# Best Place for Fleece?



## anniedog (Jun 3, 2014)

Where do you guys buy your fleece to line the cage? Where is it relatively inexpensive? Because I don't have a lot right now, and want to spend as little as possible.


----------



## PawsandClaws (Jul 22, 2014)

You can buy fleece throws from Walmart fairly inexpensively. Another idea is to hunt thrift or charity stores for second hand throws or fleece clothing then cut to size. I like to shop at Joann when they have sales on fleece. If you search the remnant bin you can get an extra 50% off on an existing sale so it can be fairly inexpensive (like $3 a yard). If they are having a decent enough sale you can get fleece for about $3-5 a yd and flannel for $3 a yard. Without sales, it is quite pricey. Of course the kind of colors and patterns that you get are affected by how much you are willing to spend.


----------



## ksaxton (Apr 20, 2014)

If you go to those really shady, run down thrift stores meant for the poor and homeless, you can always find lots of fleece in the linens bin. I went the other day and got a ton of fleece blankets, most were huge and it only cost me $6.50. Wash it well of course!


----------



## Crazyratlady94 (Sep 14, 2014)

How do you guys care for the fleece? After one use do you throw it away? Or do you wash it? My girls aren't potty trained yet so everything in their cage gets disgusting really fast. I live in a dorm and do laundry at my boyfriend's house so where do you store it before washing it?


----------



## anniedog (Jun 3, 2014)

I wash the fleece and keep using it until they are really chewed up. Before I wash them I tie them up in a Grocery Bag to reduce the smell, and then throw the bag away afterwards, because whatever you put it in will smell and get gross, so disposable is best.


----------



## artgecko (Nov 26, 2013)

When I used fleece, I changed it every week and soaked it in vinegar / water with some baking soda, then washed on cold and dried it on delicate / low. Just be prepared that if you have chewers, they may eat the edges of it, etc. I threw away any pieces that got too bad. In between washings, after I soaked the pieces, I would let them air dry before washing so that it wouldn't smell too badly. Oh, btw, you'll want to use a mild non-scented detergent to clean it with.

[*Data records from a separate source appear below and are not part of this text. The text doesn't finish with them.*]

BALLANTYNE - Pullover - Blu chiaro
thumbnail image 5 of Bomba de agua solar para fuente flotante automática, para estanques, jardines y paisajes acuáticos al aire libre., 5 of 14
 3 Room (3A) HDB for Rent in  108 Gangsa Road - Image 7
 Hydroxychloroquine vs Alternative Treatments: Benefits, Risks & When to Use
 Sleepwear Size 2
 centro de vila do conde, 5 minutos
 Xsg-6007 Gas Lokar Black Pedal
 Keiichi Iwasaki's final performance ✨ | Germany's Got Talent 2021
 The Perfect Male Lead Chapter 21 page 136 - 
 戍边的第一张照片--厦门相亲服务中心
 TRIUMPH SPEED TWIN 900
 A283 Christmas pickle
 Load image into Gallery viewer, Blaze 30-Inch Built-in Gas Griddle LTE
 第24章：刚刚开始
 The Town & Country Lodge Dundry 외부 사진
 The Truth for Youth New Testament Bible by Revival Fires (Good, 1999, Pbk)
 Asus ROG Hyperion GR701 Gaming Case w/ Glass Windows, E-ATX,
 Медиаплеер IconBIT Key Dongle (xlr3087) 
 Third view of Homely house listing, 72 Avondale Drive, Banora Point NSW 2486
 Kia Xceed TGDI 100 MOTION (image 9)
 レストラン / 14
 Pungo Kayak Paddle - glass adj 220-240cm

Also, I'd get it at joann's when they had sales.. If you sign up for their emails, they will send out messages and coupons. If you can show them the coupons (off your phone) in the store, they will honor them.


----------



## Crazyratlady94 (Sep 14, 2014)

Thanks!


----------



## PawsandClaws (Jul 22, 2014)

If you have chewers, you can try sewing more of a quilted pattern through the liners which deters the persistent nibblers. I also use vinegar in the wash to neutralize the urine smells which helps a lot. If the liners are getting noticeably shredded, I just throw them away - though you can try to repair them with success if the rips are not too severe. My guys tend to go for the corners/sides so I always make sure to turn the liners inside out so there isn't an obvious seam and that works. Initially I was doing the wrap around liners but that gave the boys more fabric to pull up and get under so recently I started making the ones that just lay on top of the pans. These work much better with my crew but you pretty much have to trial and error what works for you. We find that drying the fleece liner on high heat made them smell funky so we now do low. Our liners last about 5 changes before we chuck them.


----------



## Selz (Oct 11, 2014)

I have fleece bedding, I don't want to wash it in the household washing machine (husband also very against it), so I wash mine in a Camp Style washer. I fill a large flexible plastic container with hot water and soap, add bedding (shaken first to remove food/poop), and soak for a while. Then mash for about 5 minutes with a large plunger, drain. Fill with cold water and rinse until detergent is out. Line dry.


----------



## Selz (Oct 11, 2014)

And I buy fleece blankets either in charity shops or discount stores (B&M Bargains, Poundstretchers etc). I got 2 colour coordinated blankets in a pack for £4 a few days ago.


----------



## LilCritter (Feb 25, 2014)

I get my fleece from JoAnn, and since I don't have chewers, I use a flannel layer in the middle with newspaper and baking soda in their pee spots. I also use tiles to hold down the fleece as they really only bother with the corners... Where I don't have tile, I usually have binder clips to prevent them from diving under.

If you go with things are on sale, you can get fleece from JoAnn for ~$3-$4 a yard. The flannel was about $2.50 a yard.


----------



## tiquanunderwood (Nov 3, 2014)

I recently copped 5 fleece blankets from the Dollar General, only $1 per blanket. Definitely worth a look!


----------



## jlhummel (Oct 23, 2014)

Yes to all of PawsandClaws suggestions. I've been using fleece for years in my pet cages. Our local Joann Fabrics has coupons on the weekends sometimes and you'll often see me there searching the sale bins with coupon in hand. I have also gotten a lot of old fleece blankets at Goodwill for cheap and then cut them to size. The remnant pieces become hammocks, sacks, covers for shelves and sometimes shredded up for nesting material.

I also found that if I give them a "house" with a bottom like a cardboard box instead of one of those hidey iggloos they don't chew it as often. My method that works so far is a puppy pab nderneath and a layer of fleece. At cleanup time the fleece goes in their special laundry bag and the puppy pad gets thrown away.


----------